HACKER Q&A
📣 legerdemain

How do you network as a developer?


I'm returning to the workforce after a sabbatical, and I'm realizing that my professional network is very thin. Former colleagues mostly work at FAANGs where they don't have any pull, or they washed out of the profession and went off the grid. What I've tried:

- online meetups: no opportunity to interact meaningfully with others

- a local hacker space: very few software engineers hang out there, it's mostly semi-retired former manager types not-really-working on impossible unfunded startup ideas

- Rust (IRL, on Reddit, on Discord): shallow community of mostly students and sycophants, actual Rust devs seem to work in isolation or only communicate on Twitter

What else should I try?


  👤 fargle Accepted Answer ✓
UDP is nice because it can function fine unidirectionally. This is my favorite kind of networking with most people. This is also nice for realtime periodic communications. It's really IP datagrams with a tiny thin layer to support "ports" which allow multiplexing and multiple streams between IP peers.
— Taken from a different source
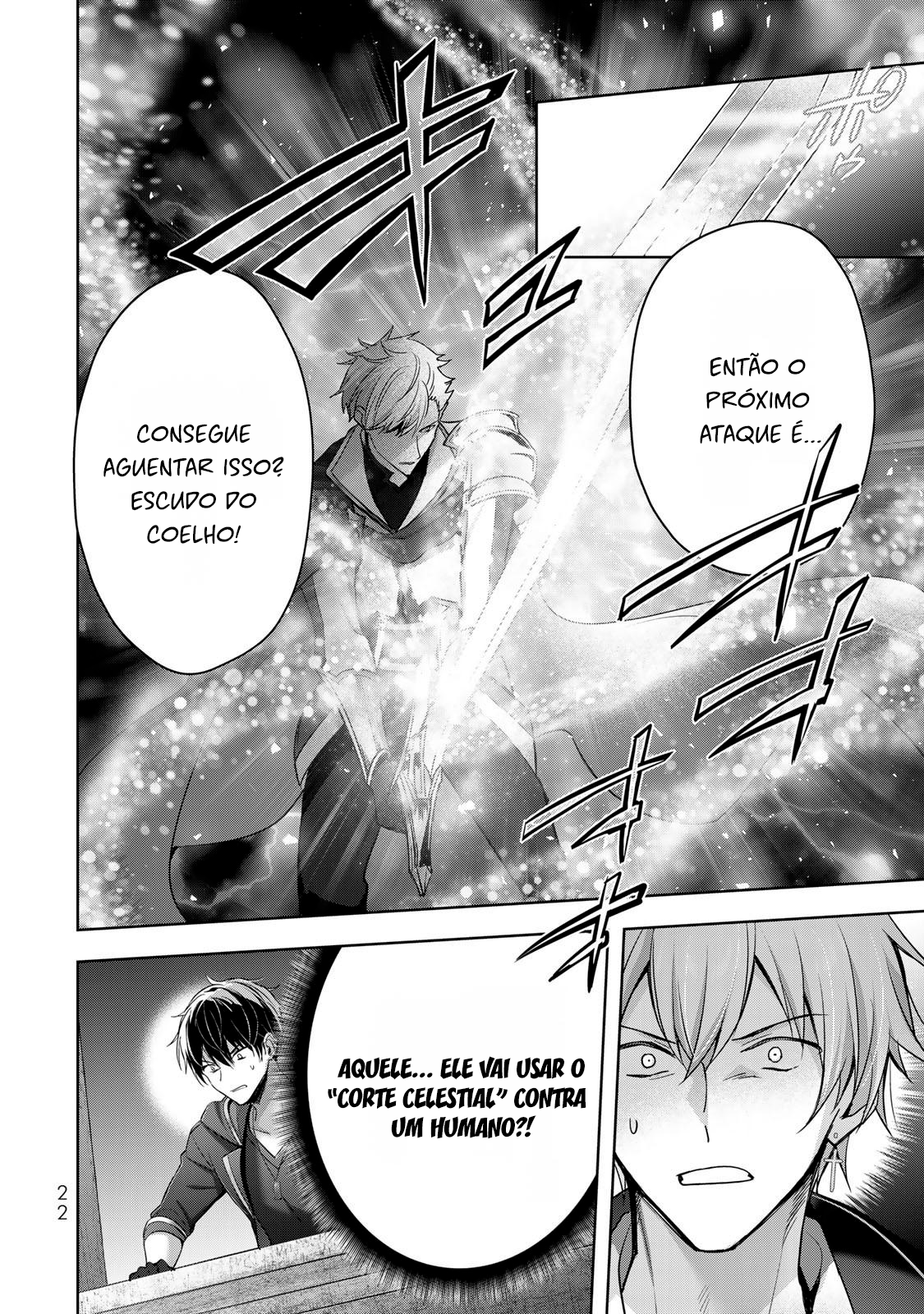 Read Jack of All Trades, Party of None PT Manga Online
TCP is also nice and is appropriate if you need to losslessly move a stream of data efficiently. It uses ad-hoc, heuristic, methods to deal with congestion, latency and other complex issues so it isn't perfect. But it works quite well in practice across extremely widely diverse scenarios. It's main feature is something called the "handshake" (the analogy eludes me) which some people feel is slightly controversial.

To network with non-hacker types, very small children, lawyers and other invertibrates, you might need to use a higher level protocol based on one of these. Things like RTP, SSH, UUCP, or NNTP spring to mind. I dislike SMTP and HTTP, however, and you should avoid those at all cost.